The second sorbet I made was a pale delicate green, I am so in love with the colours that a bit of freezing produces. I wanted something very clean tasting and refreshing so I confidently boiled up a sugar syrup and added verveine and mint tea a spoonful of green verveine jam that I had bought from a bio (organic) stall and when it was cold a good slug of gin and a little pinch of salt. It was already quite delicious but a bit too sweet so I made some more verveine tea and doubled the quantity thereby reducing the sweetness. I also added a bit more gin, but too much alcohol is not good for sorbets, what I really should have done was infused some juniper berries. Next time.

When it was all chilled I popped half the mixture in the ice cream maker and in half an hour I had a soft green slush to decant into boxes in the freezer. I immediately did the second half and although it worked, it took a long time. I suspect this was because I didn't refreeze the bowl. The end result was a lovely lot of verveine sorbet. Cool, clean and palette cleansing.


Photo courtesy of www.studiolefort.com

Monday, 8 June 2015

The Machine Arrives.

I have bought an ice cream maker, not a very expensive one, it will make about half a litre of ice cream at a time and because the inner bowl needs about 8 hours in the freezer before it is ready to be used, I can only make one batch of deliciousness a day. A good thing too because I am finding it all irresistable.

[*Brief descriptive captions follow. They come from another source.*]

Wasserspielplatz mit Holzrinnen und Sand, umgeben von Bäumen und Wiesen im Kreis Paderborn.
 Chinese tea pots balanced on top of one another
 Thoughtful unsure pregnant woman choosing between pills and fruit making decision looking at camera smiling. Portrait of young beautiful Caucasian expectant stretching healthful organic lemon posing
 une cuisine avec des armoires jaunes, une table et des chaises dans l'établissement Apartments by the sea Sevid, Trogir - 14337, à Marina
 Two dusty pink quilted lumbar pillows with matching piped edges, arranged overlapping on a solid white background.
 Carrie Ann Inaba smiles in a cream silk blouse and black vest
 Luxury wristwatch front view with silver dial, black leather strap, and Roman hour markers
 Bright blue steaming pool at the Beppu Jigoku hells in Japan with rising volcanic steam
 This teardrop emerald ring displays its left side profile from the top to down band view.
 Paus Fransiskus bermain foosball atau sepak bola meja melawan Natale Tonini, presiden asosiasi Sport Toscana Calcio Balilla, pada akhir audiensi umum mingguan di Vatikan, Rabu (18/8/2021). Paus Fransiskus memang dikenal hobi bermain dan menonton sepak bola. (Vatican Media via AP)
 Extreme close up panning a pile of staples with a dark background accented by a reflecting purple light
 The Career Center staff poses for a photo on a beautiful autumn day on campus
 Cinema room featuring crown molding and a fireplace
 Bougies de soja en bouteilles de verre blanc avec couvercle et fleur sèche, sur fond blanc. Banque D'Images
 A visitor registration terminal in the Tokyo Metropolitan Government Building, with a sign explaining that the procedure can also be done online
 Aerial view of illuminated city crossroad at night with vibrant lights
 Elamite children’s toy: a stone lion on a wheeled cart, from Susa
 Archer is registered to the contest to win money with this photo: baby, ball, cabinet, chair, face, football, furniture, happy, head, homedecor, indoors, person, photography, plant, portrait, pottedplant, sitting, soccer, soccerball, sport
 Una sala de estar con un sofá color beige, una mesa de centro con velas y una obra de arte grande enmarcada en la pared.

The story of why I have bought the kitchen gadget that most people leave at the back of the cupboard is all down to our friend Gary Stephens who last year made the most delectable lavender sorbet. I was all ready to bully him into making me my own personal supply when I smelt the rather shabby tumbling roses that had just come into flower in our garden in france. The smell is so intense, a real fresh version of soap, perfume and sweets flavoured with rose water but somehow greener without any sickly connotations. I thought the only way to keep this for ever is to eat it frozen into a sorbet.

I went indoors and ordered an AndrewJames Ice cream maker from Amazon.fr

So the very first sorbet I have ever made was not pale lavender but a violent magenta rose petal slush. after about an hour in the freezer it firmed up and we all enjoyed it and excitedly started picking more bowls of petals.

This is a 5 litre bowl I added some pink rose petals just for the colour because the beautiful scented ones are much paler. 

The next step after picking out the ear wigs and giving all the petals a good shake was to boil up some sugar syrup, about equal quantities of water and granulated sugar. I added some cardomum seeds and scraped a vanilla pod into the pan then roughly peeled in some lemon zest. 



When it was done I tipped the petals in and stirred them around until they had all wilted. They don't look very pretty at this stage but the smell is wonderful. I covered the pan and popped it in the fridge to steep over night and at the same time I made sure all the ice cream maker equipment was ready and chilling down.


The next morning I poured  my pan of pink scent through a strainer and carefully poured it into the ice cream maker. It took about 30 minutes to turn into a slushy vibrant pink mixture and another little while in the freezer to firm but it is so beautiful. In fact I am so proud of it I have decided to keep a blog about my summer of flowers and sorbets and love.


What a colour! The taste is actually quite adult I don't think children will like it so much but I think it is heavenly.